The curriculum is organised in a modular, column-based structure that balances core theoretical and methodological training with regionally focused study, language acquisition and specialised methodological options. You will also complete an independent research project: a supervised Master's thesis accompanied by a research report presented in the programme’s Master's class.
This degree is designed for students who want interdisciplinary methodological training (including qualitative and quantitative tools and approaches from fields like the social sciences and literary studies), comparative area knowledge across different world regions and deeper language skills relevant to their chosen regional focus. Coursework allows flexibility in chronological scope and topical emphasis (for example, economic, social, cultural or religious dimensions), so you can pursue a tailored combination of comparative and area-specific historical study.
Foundations (Column 1): Four compulsory modules introduce the theoretical paradigms, historiographical debates and core methods of Global History, emphasising entanglements between political, social, economic and cultural history.
Area Expertise (Column 2): Six elective modules are divided into two parts. First, choose one regional focus from Africa, Europe, the Atlantic World & the Americas, or Trans/other areas and complete three seminars on that region (across different chronologies and thematic angles). Second, complete three linked language modules to acquire or intensify language skills that go beyond the programme's admission-language requirements.

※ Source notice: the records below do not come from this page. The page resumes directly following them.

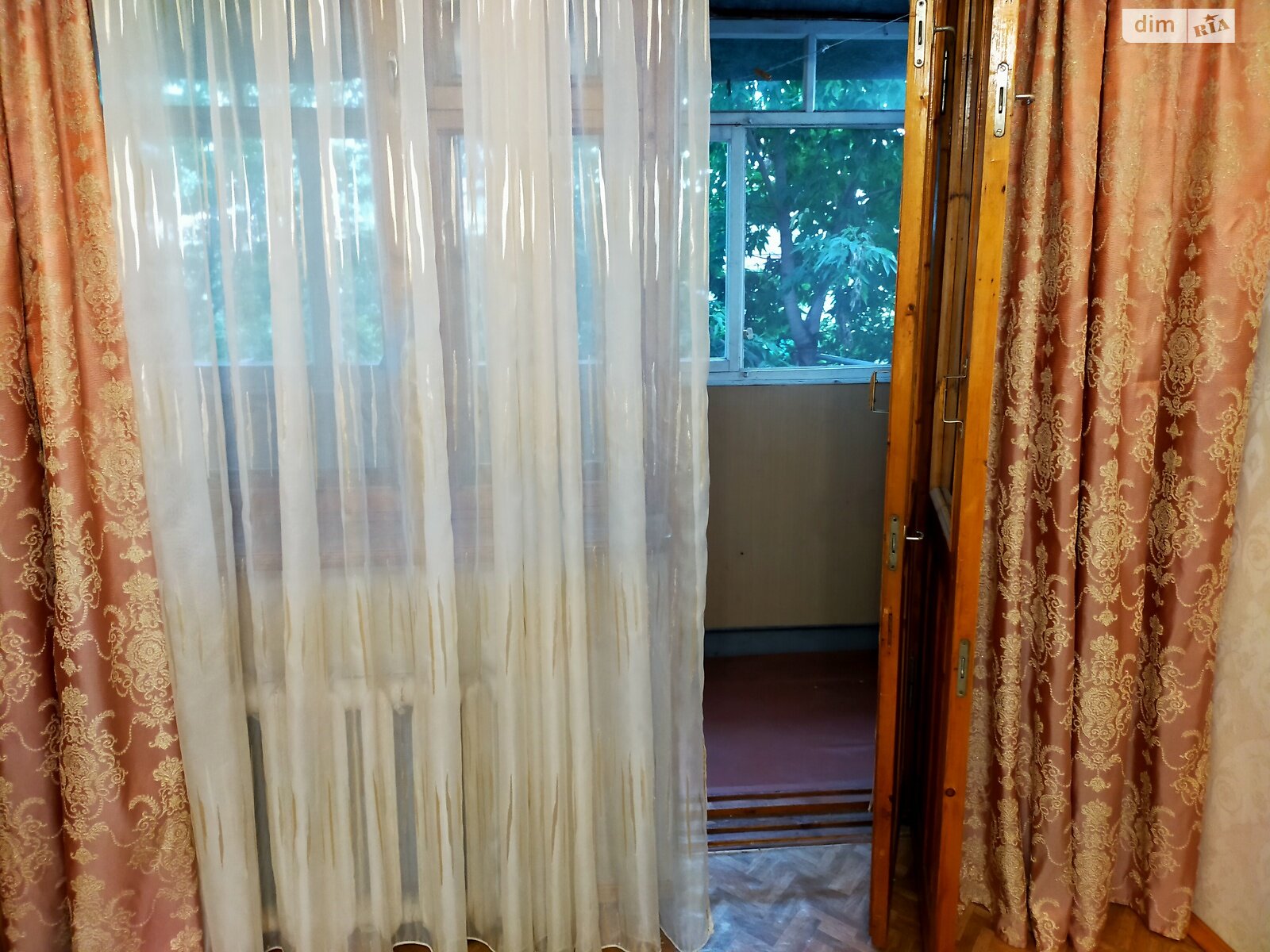 Обʼєкт нерухомості: 1 КІМ. КВАРТИРА, ПЛОЩА - 32 м², ЦІНА - 11 500 $
, вул. Гонти — HUBTRUST, Вінниця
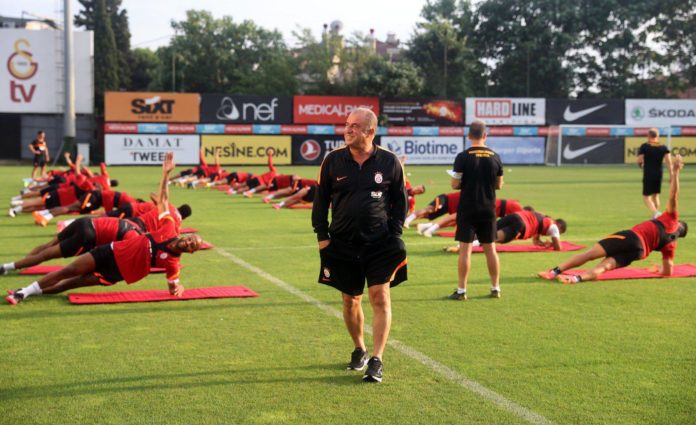 Galatasaray haberi: Fatih Terim'in gözü PSV'de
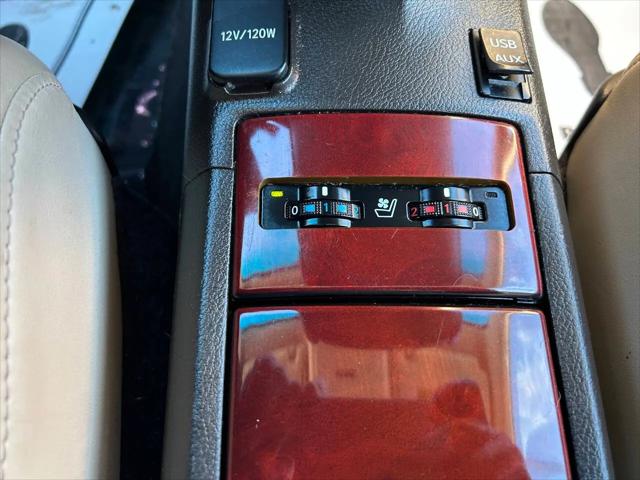 2010 Lexus HS 250h HS 250h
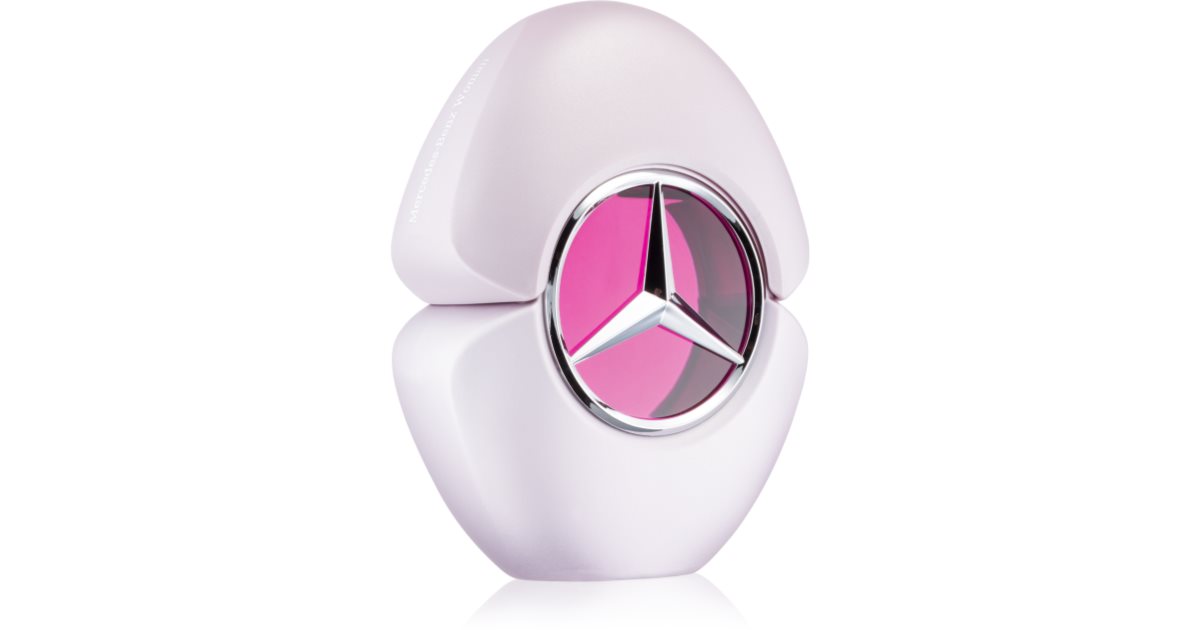 Mercedes-Benz Eau de Parfum for women 60 ml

Specialisation (Column 3): Two elective modules let you either broaden your regional comparison by adding a second area of expertise or deepen research practice in the Methods & Skills module. Methods & Skills introduces analytical tools (qualitative and quantitative) from social sciences, literary studies and related fields to expand your methodological toolkit.
Master’s thesis (Column 4): A compulsory module guides you through conceiving and writing an independent research thesis. You will also present a written research report (Forschungsbericht) and discuss it in the accompanying master’s class.
Learning outcomes include the ability to analyse global-historical processes comparatively, apply diverse methodologies to source material, conduct regionally informed research, and communicate findings in English (and optionally in German).
The programme requires a completed university degree with academic standing comparable to a German Bachelor's in History. Admissions are based on both the content of the prior degree (sufficient overlap with the Bayreuth Bachelor’s in History curriculum) and the final grade; the minimum acceptable final grade is 2.5 on the German scale (noted as "gut/good"). Admission can be offered unconditionally or with conditions attached if gaps are identified.
Applicants who hold degrees in closely related fields (for example, Political Science, Ethnology, Cultural Studies) may also be considered. In such cases the programme may require the successful completion of specific History modules from the Bayreuth Bachelor’s curriculum within one year. All applications are reviewed individually: first by the Master’s programme’s Board of Examiners and then by the Admission Committee of the International Office before enrolment.
Admission requirements (summary)
Winter Semester (International)
15 June 2026
Winter Semester (EU/EEA)
15 June 2026
Graduates are prepared for research and analytical roles that require advanced historical and comparative competencies. Typical destinations include academic research and doctoral study, cultural institutions (museums, archives), heritage and public history organisations, NGOs, think tanks, journalism and publishing, as well as positions in education, policy analysis and international organisations where global and historical perspectives are valued.
The programme’s emphasis on language training, area expertise and diverse methodological skills also supports careers that demand cross-regional knowledge, multilingual communication and quantitative/qualitative research capabilities.